While disclosing that prolonged negotiations will likely delay the delivery date, the senior partner in Canada’s Arctic natural gas project said securing native participation in the Mackenzie Valley pipeline will be worth the wait.

“We would like to push ahead as quickly as we possibly can,” Imperial Oil Ltd. Chairman Tim Hearn told a Calgary press briefing. “But it’s more important to get this right.”

Hearn said the earliest conceivable date remains 2007 for deliveries to start from the Arctic gas team of Imperial, ConocoPhillips Canada, Shell Canada and ExxonMobil Canada. But he rated the target as “now really difficult to hit” unless collaboration promised by the National Energy Board and a host of northern agencies accelerates regulatory approval.

The consortium held off pulling the trigger that starts the process — filing a formal “preliminary information package” that has been ready since last October — in order to let its native partner catch up.
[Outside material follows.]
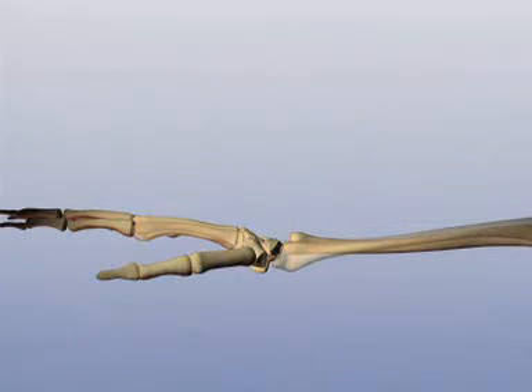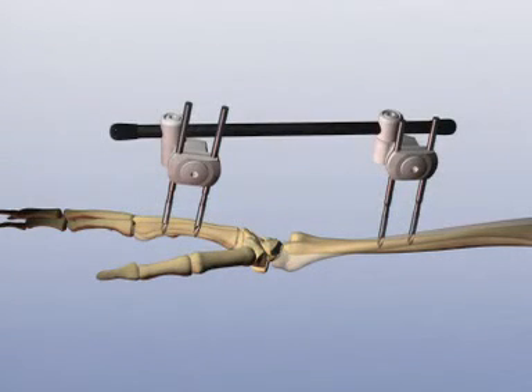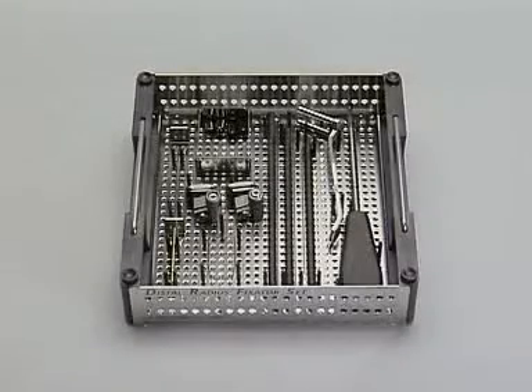A multifragmentary fracture of the distal radius with involvement of the joint is to be stabilized with an external fixator. The fixation components needed for the assembly of this fixator are contained in a set. Besides the 4.0/3.0 self-drill shunt screws, adjustable clamps, and carbon fiber rods, only a 4.0 parallel drill sleeve and a hexagonal screwdriver are necessary.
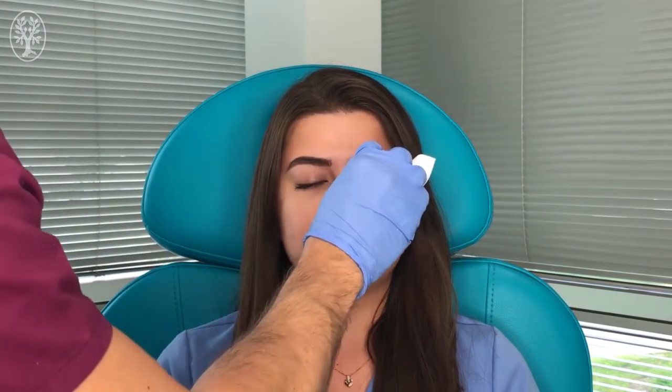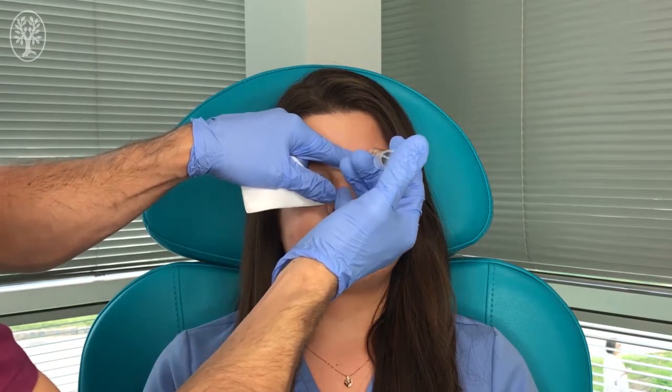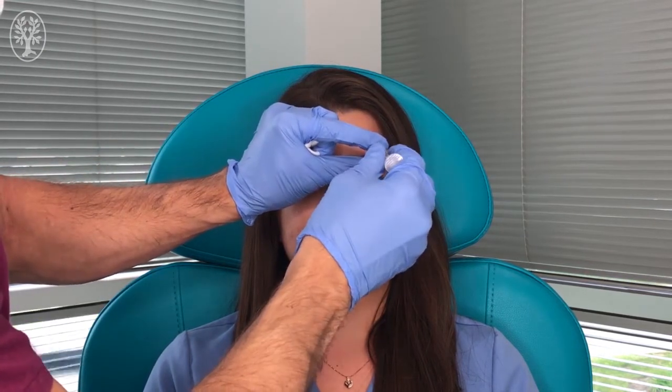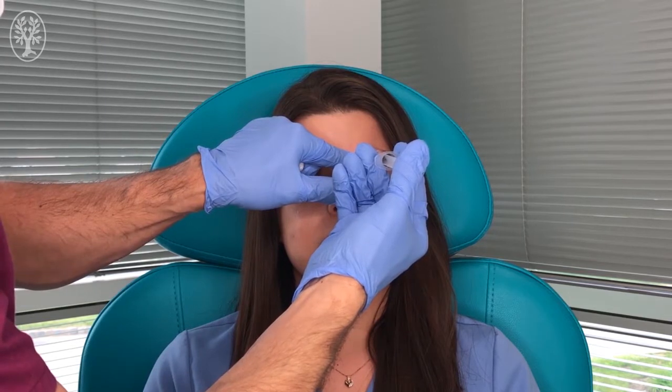After we have numbed the face, we can do the deep injection. For that, we're going to change the needle and use a larger caliber hypodermic — a 27 gauge needle — and go perpendicular to the forehead in the area that we already pre-numbed. I'm going to go straight down to the bone. We aspirate to make sure we don't hit any vessels, and we create a wheal of local anesthetic about one centimeter.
The Aboriginal Pipeline Group says it has lined up financing for its one-third interest in the project. The identity of the backer remains confidential while native leaders explain the deal and seek support in their communities across the Northwest Territories.

Rather than name the new partner, Hearn said “we would welcome any party that can bring value-added participation and that is willing to provide funding to the aboriginal pipeline group.”

The mystery backer continued to be widely rumored to be TransCanada PipeLines, kicking in support for the natives in trade for the right to build the new delivery route as an extension of its own system. Hearn and northern project spokesman Hart Searle said no decision had been made on which company will construct, operate and own the Mackenzie Valley line.

The gas-producer team has sought proposals from several pipelines capable of handling the project, a club understood to include Enbridge Inc., Duke Energy Gas Transmission Canada, Alliance Pipeline and possibly ATCO Pipelines, which has a relatively small delivery system but large northern experience.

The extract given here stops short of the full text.